Question:
For all $n$ large enough, there exists a matrix $A \in [-1,1]^{n \times n}$ such that $A\cdot A$ is a diagonal matrix with each diagonal entry at least $\frac{n}{100}$.
Discussion:
When there is a Hadamard matrix of order $n$, we can take $A$ to be that. But when $n$ is not a multiple of 4, there is no Hadamard matrix of order $n$.
Translation to Geometry: Let $B_n(r)$ be the open ball of radius $r$ centered at origin in $\mathbb{R}^n$. For all $n$ large enough, there are $n$ orthogonal vectors in $[-1,1]^n \setminus B_n\left(\sqrt{\frac{n}{100}}\right)$.

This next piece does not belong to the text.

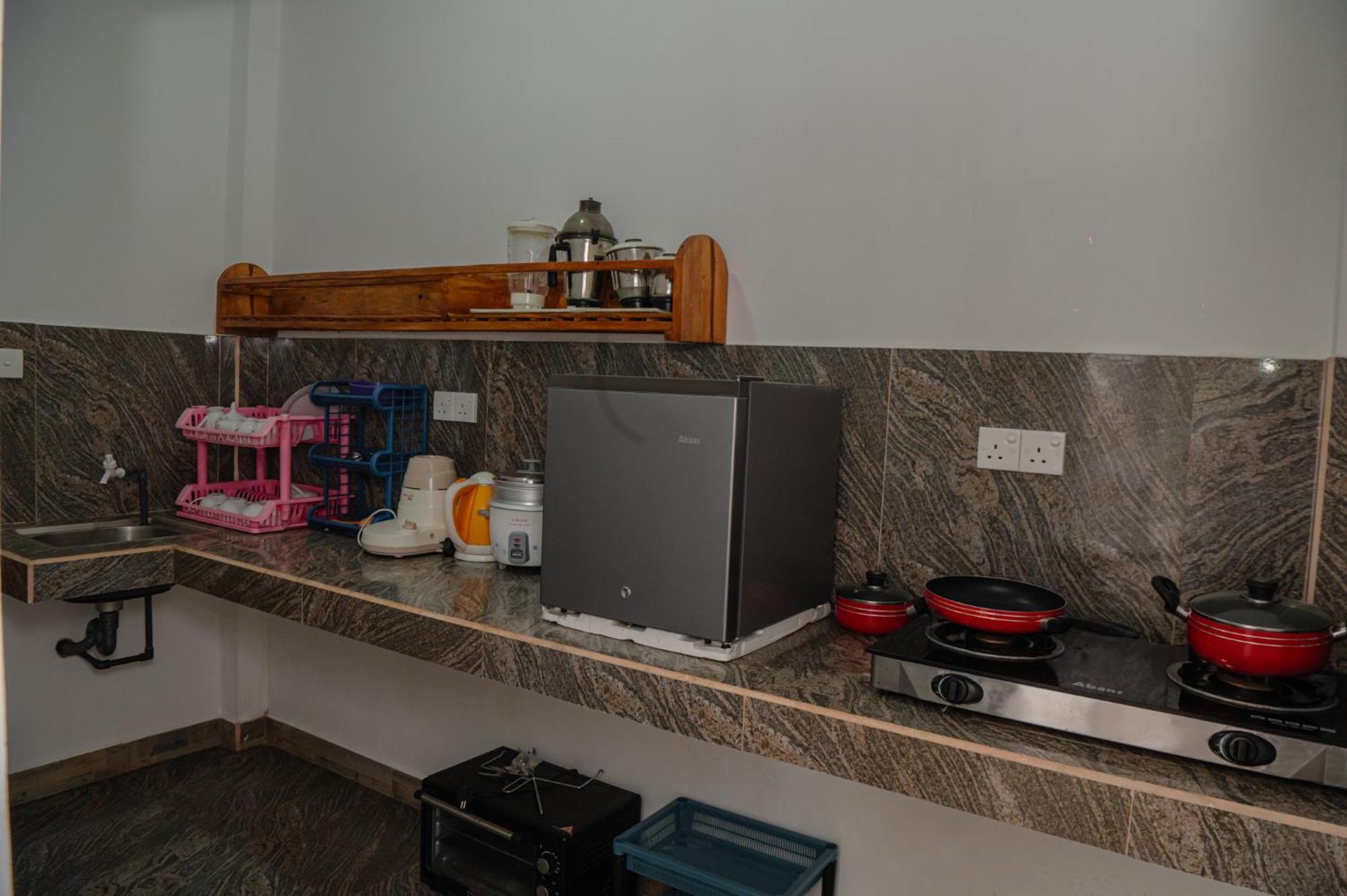 Rekawa Turtle Gate Hotel Tangalle Phòng bức ảnh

For example, you can use the Discrete Cosine matrix $$ C=[C_{ij}]_{1\leq i,j\leq n},\quad C_{ij}=\sqrt{\frac{2}{n}}\cos\left(\left(i-\frac{1}{2}\right) \left(j-\frac{1}{2}\right)\frac{\pi}{n} \right) $$ which is symmetric and self inverse, thus $$ C^\top C=I_n. $$ Take $A=\sqrt{n/2}\cdot C$ which should satisfy your requirement with each diagonal entry of $A^\top A$ at least $n/2$.